I really shouldn't read the Irish Times. Not even when the article is written by that nice Patsy McGarry.
He was close to giving me apoplexy today by drawing my attention to an article in the current (January 2007) issue of the Word magazine on the theme "what is meant by an informed conscience?".
I used to know what a pre-Vatican II "informed conscience" was - very much so. It was a wonderful concept which allowed the Roman Catholic Church to defend itself against the taunt of Protestants that it imposed its views on its flock willy nilly. "Not so", the Church would reply, "every Catholic is not only allowed but is obliged to follow his conscience."
"So", you might ask, "why are we not all Protestants, then?" Indeed, when I heard this line for the first time myself, that is precisely what I wondered.

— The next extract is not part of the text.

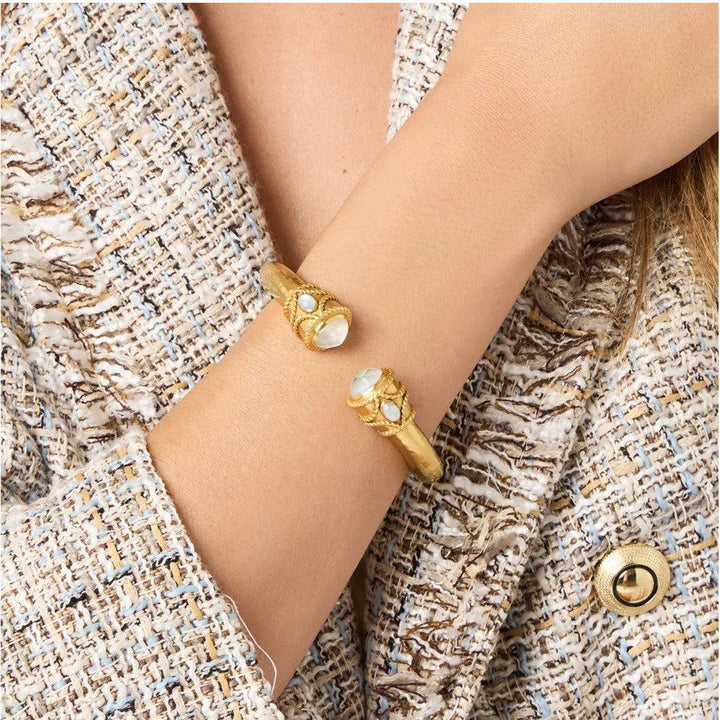 Gold cuff bracelet adorned with moonstone accents, shown on a model's wrist.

Ah, but there is a catch, there had to be. And it lies in the definition of conscience for the Catholic. He is obliged to follow his informed conscience. "And what is an informed conscience?", I hear you ask. Well it is a conscience that is informed by the teaching of the Catholic Church. The Catholic is obliged to inform himself of the teaching of the Church, and not only that, but to accept it as a matter of obedience/discipline/faith, or whatever you're having yourself. So there is never any dilemma here. Pity the poor Protestants in their anguish. Martin Luther and Henry VIII sold them a bum product, designed to raise their adrenalin and cholesterol levels and all to no good purpose.
Anyway when Vatican II came along (40 odd years ago) it seemed to me that the pre-Conciliar Catholic position had eased up. You were only obliged to gen up on the Catholic position, in good faith, and then act on the basis of your newly informed conscience, so to speak. Mind you, there were still a lot of unresolved issues here for the Church's authority but the position seemed to be veering towards the human.
John XXIII was a nice man but he mistimed his exit to the other world very badly and left a half formed new theology for the traditional vultures to unpick, a gobful at a time.
And now we're back whence we came.
Fr. Twomey, in his Word article, gives a virtuoso exposition of the traditional informed conscience. The current formulation is neatly summarised in the axiom that to be a Catholic is to accept that the Church cannot teach what is wrong in itself.
That's the sort of stuff that got it into trouble in the first place and has kept it skewered on the hook of Humanae Vitae for decades.
In the beginning was the Word, and it used to be a most readable and lookable at magazine produced to the highest aesthetic and production standards.
Maybe in keeping with this new-old theology it should now carry Divine Ads, such as for budding exorcists, which the Pope wants to recruit by the bucketful, to give the Devil a taste of his own pointed tail.
I joketh not. Check it out.
As they say in the cinema, I think this is where I came in.